#### What you have to do
Transcribe the listing in full, word for word; pictures do not belong in the copy.

┄┄┄┄┄┄

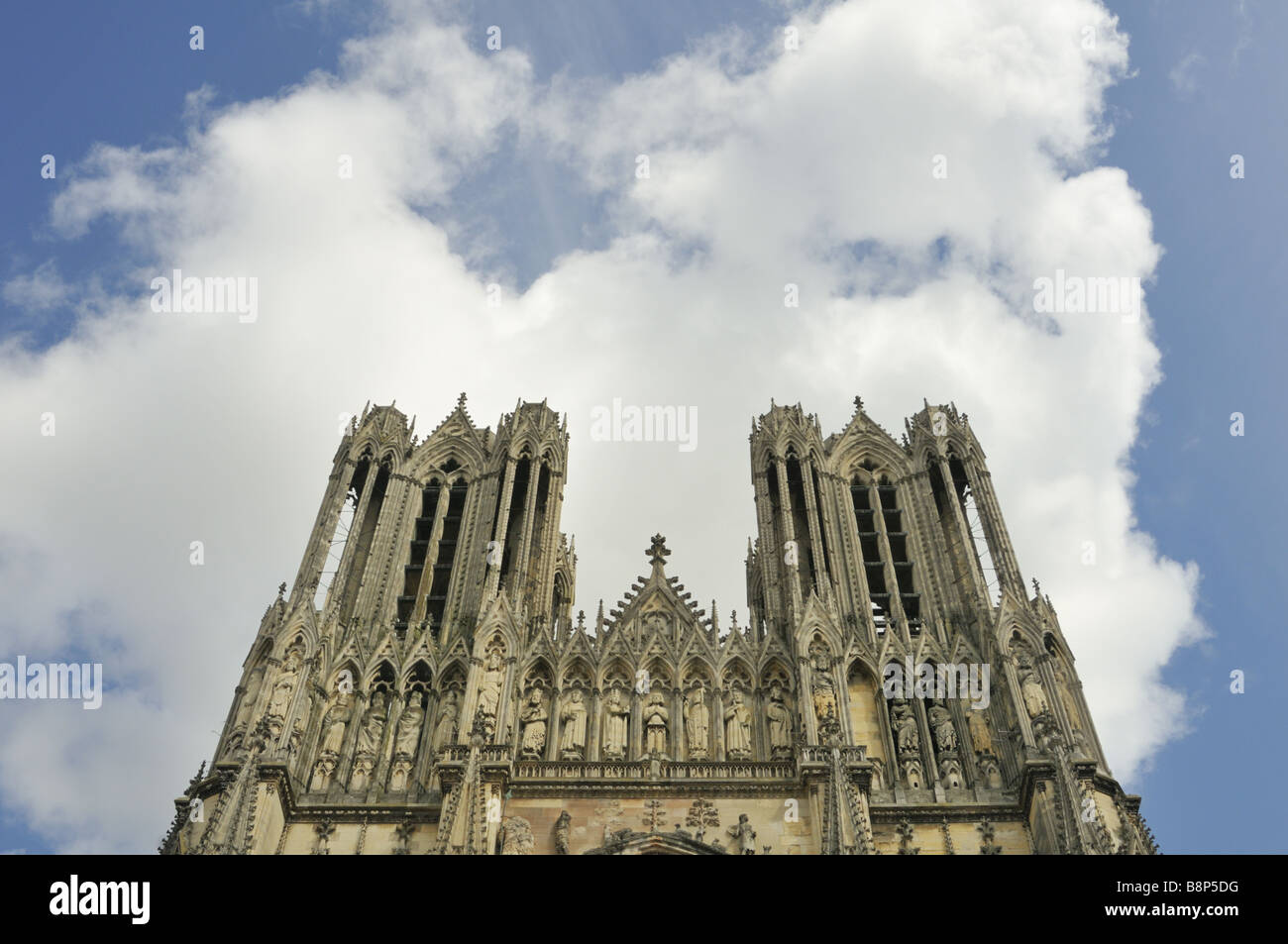 Twin towers all'estremità occidentale della cattedrale di Reims Francia Foto Stock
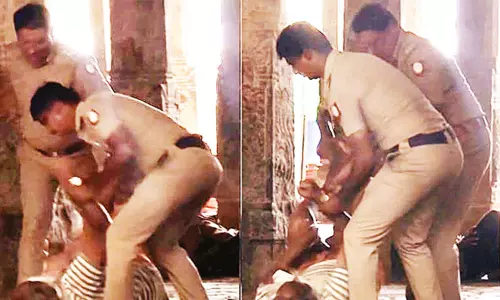 ஸ்ரீரங்கம் கோவிலில் முதியவரை தாக்கும் வீடியோ.. சப்-இன்ஸ்பெக்டர் உள்பட 2 போலீசார் பணி இடைநீக்கம்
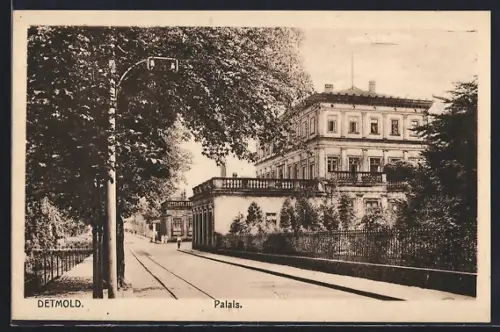 AK Detmold, Palais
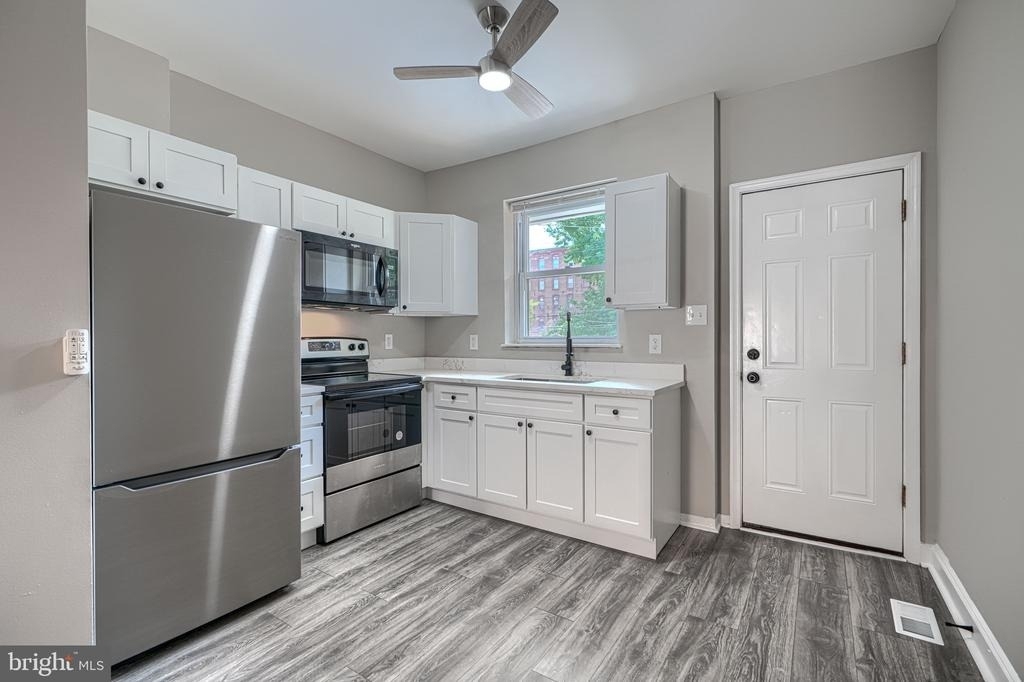 616 S Lehigh Street - Photo 8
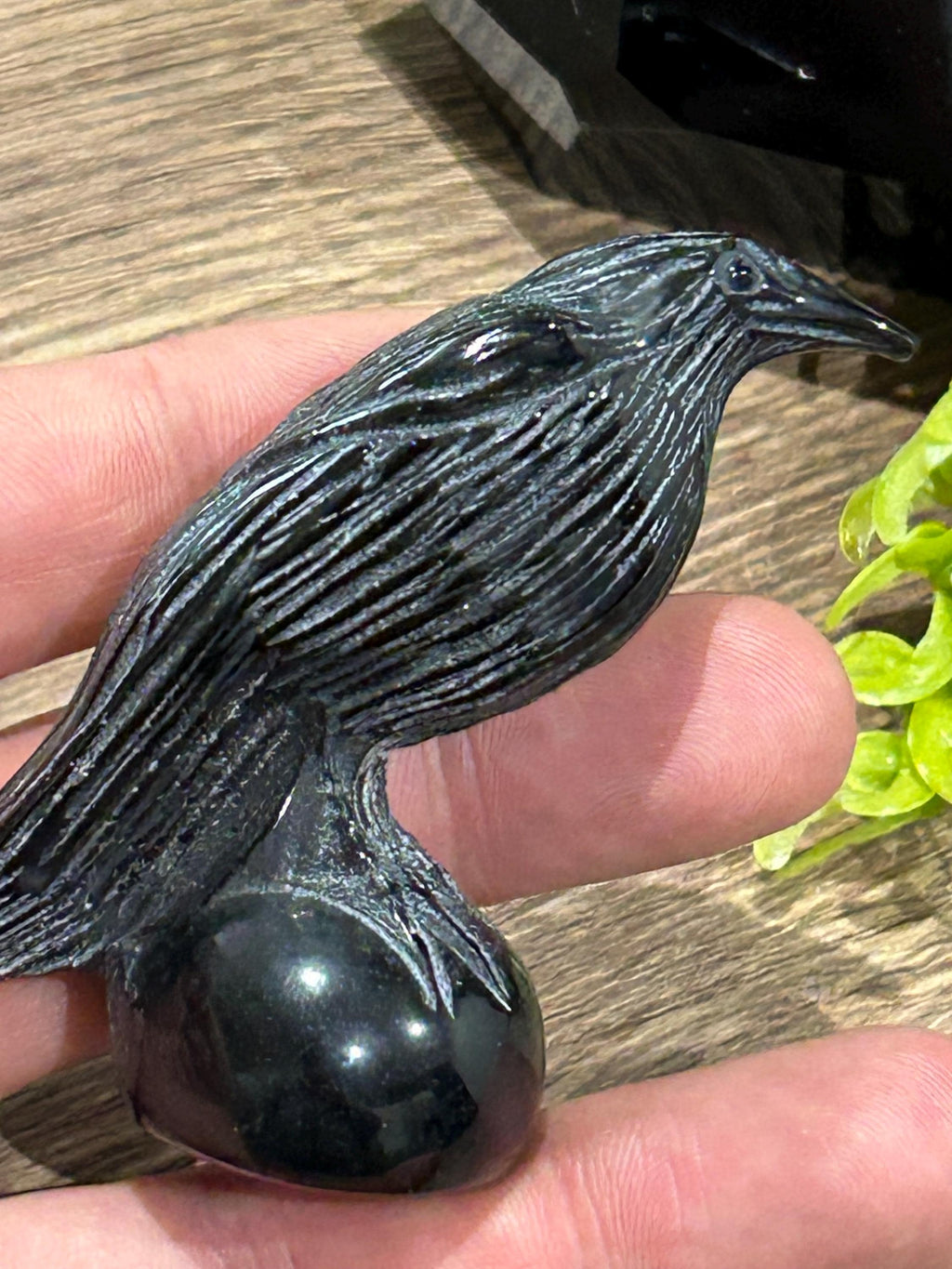 Vogelsculptuur 70 Gr , Raaf van Gepolijst Zwart Obsidiaan , Natuurlijke Vulkanische Steen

┄┄┄┄┄┄

#### Response box
 Twin towers all'estremità occidentale della cattedrale di Reims Francia Foto Stock
 ஸ்ரீரங்கம் கோவிலில் முதியவரை தாக்கும் வீடியோ.. சப்-இன்ஸ்பெக்டர் உள்பட 2 போலீசார் பணி இடைநீக்கம்
 AK Detmold, Palais
 616 S Lehigh Street - Photo 8
 Vogelsculptuur 70 Gr , Raaf van Gepolijst Zwart Obsidiaan , Natuurlijke Vulkanische Steen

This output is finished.